国際通貨基金(IMF)の予測によれば、17年の中国経済の成長率は6.2%となっています。世界経済のそれは3.4%で、相対的に中国の成長率の高さが目立っている点では、これまでと変わりません。注目すべきは、先進国が1.8%(米国2.2%、ユーロ圏1.5%)であるのに対し、途上国は4.6%と高いこと、とりわけ、アジア経済が5.7%(東アジア5.6%、南アジア7.3%、東南アジア4.6%=アジア開発銀行の予測)と、成長率に関して言えば、途上国、アジア(特に、中国とインド)の成長率の高さが際立っている点です。世界経済におけるアジア経済、とりわけ東アジア経済のけん引力が高まっていると言えるでしょう。なお、経済協力機構(OECD)は日本の予想成長率を0.7%と予測しています。

 

 「13・5計画」の重要な2年目

 さて、今年の中国経済ですが、中国の識者や経済研究機関によると、IMFの予測値を若干上回る6.5~7%(16年1〜9月は6.7%)の間になるとの予測が一般的です。中国は17年が第13次5カ年計画(16〜20年、13・5計画)の2年目に当たる重要な1年と位置付けています。特に、習主席が新年賀詞の冒頭で、「我々は改革の全面的な深化を積極的に推進し、サプライサイドの構造改革で重要な一歩を踏み出した」と言及したサプライサイド改革は、17年の中国経済の行方を左右するばかりか、世界経済にも影響すると言っても過言ではないでしょう。因みに、16年に人々が何に最も関心を寄せたかについて、ビッグデータを分析したところ、サプライサイド改革が最上位(そのほか、二人っ子政策、匠の精神、人工知能、リオ五輪、振り込め詐欺、住宅価格、オンライン配車等)に入ったと、『人民日報』(昨年12月20日)は報じています。政府から人民にいたるまで、サプライサイド改革への関心の高さが分かります。

 

 中国経済がはじけたら……

実際、17年はサプライサイド改革の「深化の年」と位置付けられています。その重点は、去産能(過剰生産能力解消)、去庫存(住宅などの在庫削減)、去杠杆(脱経済レバレッジ)、降成本(企業コスト引き下げ)、補短板(弱点を補強し底上げ)の「三去一降一補」です。具体的には、企業淘汰(ゾンビ企業の整理など)、合併・再編(鉄鋼・石炭業界など)、国有企業改革、都市化推進、企業債務の株式転換支援、官民共同のPPP事業推進、減税、許認可の簡素化、物流コストの削減、貧困脱却事業の推進、社会保障の充実、新興産業の基幹産業化と従来型産業の高度化などが指摘できます。総じて、実体経済(特に、製造業)の強化、民生向上に向けた改革と言えるでしょう。16年12月に開催された中央経済活動会議(注1)で、「房子是用来住的、不是用炒的」(住宅は住むためのもので、投機するものではない)との指摘があったと報じられていますが、サプライサイド改革の必要性を端的に伝えているのではないでしょうか。

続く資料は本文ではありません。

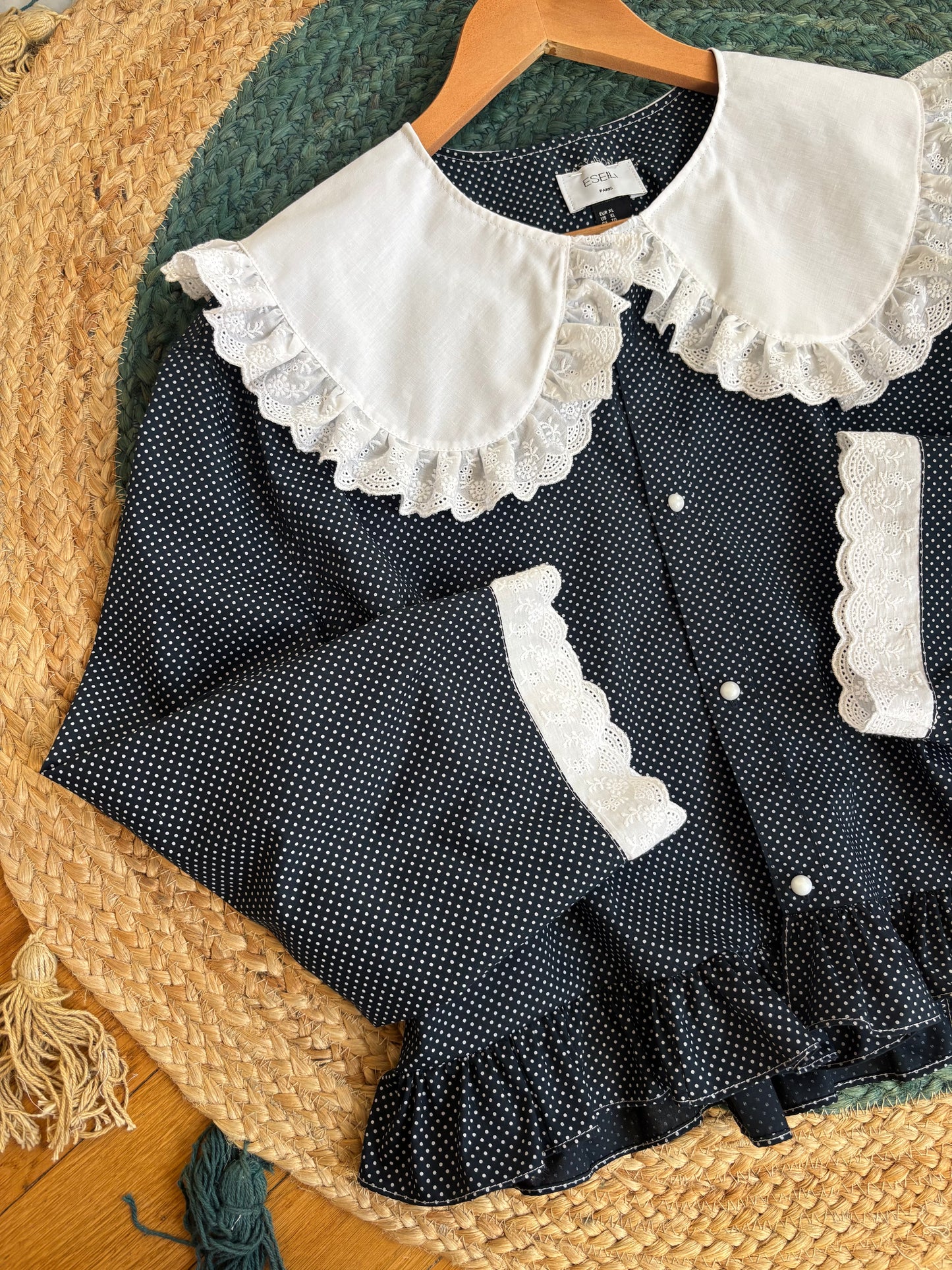 Solange col XL marine à pois
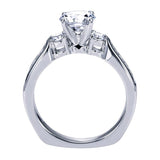 Gabriel & Co. ER93993W44JJ – 14K White Gold Contemporary Three-Stone Diamond Engagement Ring
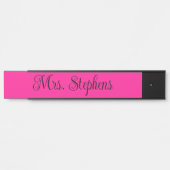 Heet Roze en Zwart Curly Kalligrafie Naam Deurbordje (Voorkant)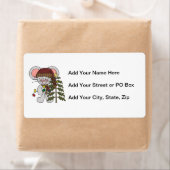 Étiquette Souris de Noël décorant l'arbre (En situation)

今や、中国の経済規模は世界経済全体の15~16%(15年は15.5%)を占めるまでになっています。その中国経済がはじけたら、それこそ、08年の悪夢の再来ともなりかねません。「炒経済(投機的経済)でなく実体経済の成長を希求する中国のサプライサイド改革が、世界経済の行方とも密接にかかわっているとする所以です。

 

 「変」と「一帯一路」が象徴

さて、日本でもおなじみですが、中国でも毎年、その年の漢字、流行語が発表されます。昨年は、国内的には、それぞれ「規」と「小さな目標」、国際的には、「変」と「一帯一路(シルクロード経済ベルトと21世紀海上シルクロード)」が選ばれました(中国の国家言語資源観測・研究センターなどが実施)。このうち、「変」と「一帯一路」には、17年の中国と世界経済の関係、そして、その行方を見る視点が込められているようです。  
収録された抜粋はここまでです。